Anyone else see the Four Corners episode on Monday night?

http://www.abc.net.au/4corners/stories/2016/10/17/4556062.htm

😦 Those poor children…we need to get them out of there. They belong in Australia, where they can be safe, not on Nauru in indefinite limbo, too frightened to go to school. We’re torturing them – for that is what leaving them in that environment, exposing them to physical, psychological and other forms of abuse is. See here: convention_on_the_rights_of_the_child

They’ve been through hell in their birth countries and have been classified as genuine refugees. They’re no longer in the “detention centres” on Nauru…but their situation, living in a hostile community that doesn’t want them, hasn’t improved.

They should be here!

And the government has the frikking nerve to criticise the ABC and Amnesty International, whose scathing report on the situation was released yesterday. They’ve trotted out the “saving lives from drowning at sea” line again, insisting that the refugees are the responsibility of the Nauran government (which, by the by, has accused the ABC of being racist and an “embarrassment to journalism” after the program). Pathetic! The Australian government doesn’t care about the welfare of the people restricted on Nauru…all they care about is being “tough on borders”.

I’m sick of it.

When will politicians have the political and moral courage to admit that they are wrong in continuing this – and seek a better way? There needs to be a compromise, a true multilateral solution that focuses on the humanity, vulnerability and welfare of refugees and asylum seekers.
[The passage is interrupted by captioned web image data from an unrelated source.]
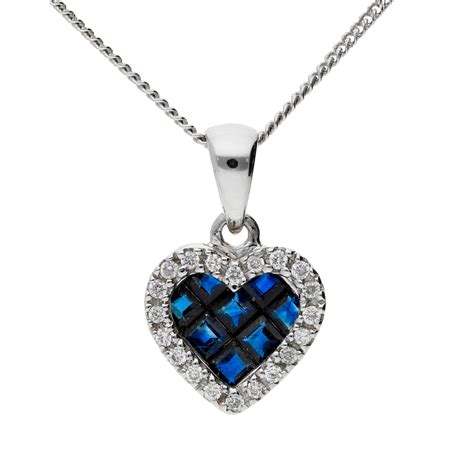 18ct White Gold 035ct Sapphire And 010ct Diamond Fancy Heart Pendant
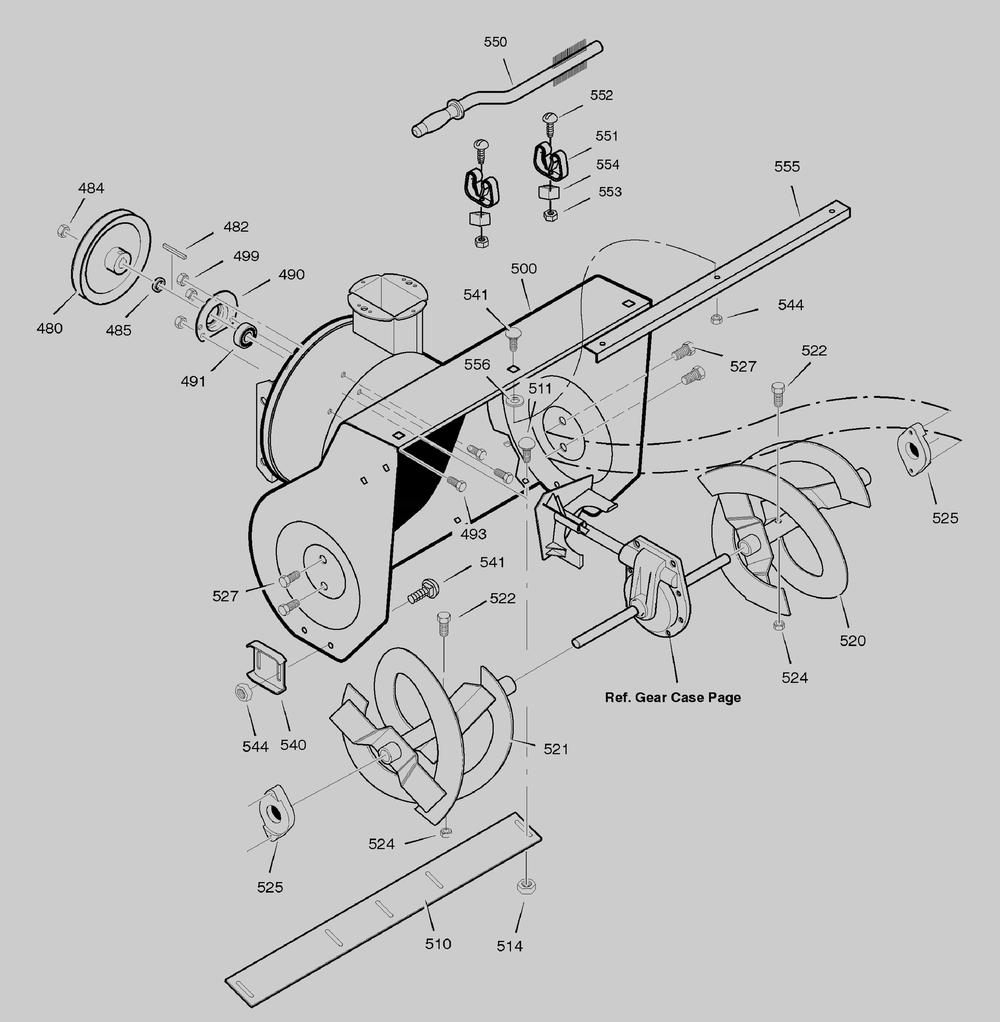 Auger Housing Diagram and Parts List for 633134X54C 2004 Briggs and Stratton Snow Blower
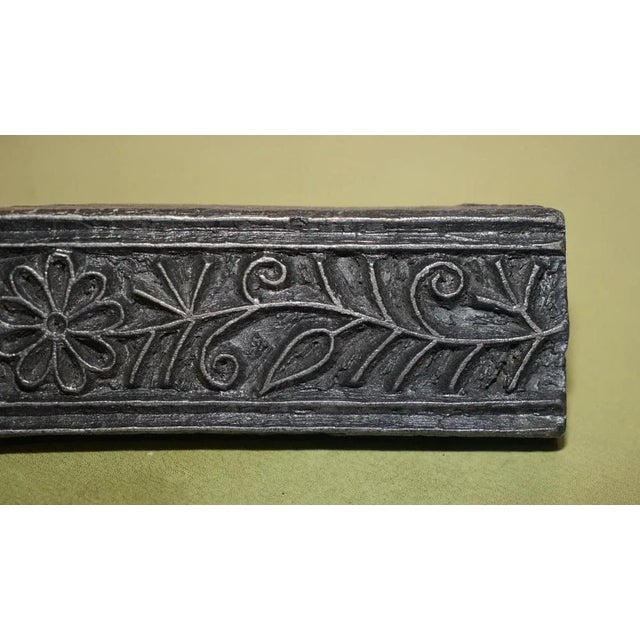 Antique Hand Carved Floral Boarder Printing Block for Wallpaper For Sale - Image 9 of 12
In the above link, Amnesty International suggests the following:

Amnesty International urges the Australian Government to show genuine leadership and adopt a better plan for refugees which could include:

  • Boosting Australia’s aid program to help neighbouring countries better protect and support refugees. When people are legally recognised, have safe accommodation, can send their kids to school, and can work and access health services, they won’t be forced to make dangerous journeys to Australia.
  • Making sure the most vulnerable people are resettled within our region and globally. Pressure on individual countries can be reduced if Australia works closely with New Zealand, Japan, the USA, Canada and others to ensure everyone does their fair share. This includes Australia welcoming a minimum of 30,000 refugees per year through its resettlement program.
  • Including refugees in existing visa programs. In addition to Australia’s core resettlement program, to recognise the valuable skills and qualifications of many refugees by including them when allocating student, work and family reunion visas.
  • Assessing refugee applications within a defined time period. When people know they will be assessed in an efficient and orderly way, they are less likely to make a dangerous boat journey.
  • Undertaking timely search and rescue operations. Instead of hazardous push-backs of boats at sea, Australia can run search and rescue operations that save lives.

How about it, politicians?

It’s upsetting. My heart goes out to those children and young people. I pray that the situation will improve – and until it does, you bet I’ll keep speaking out about it.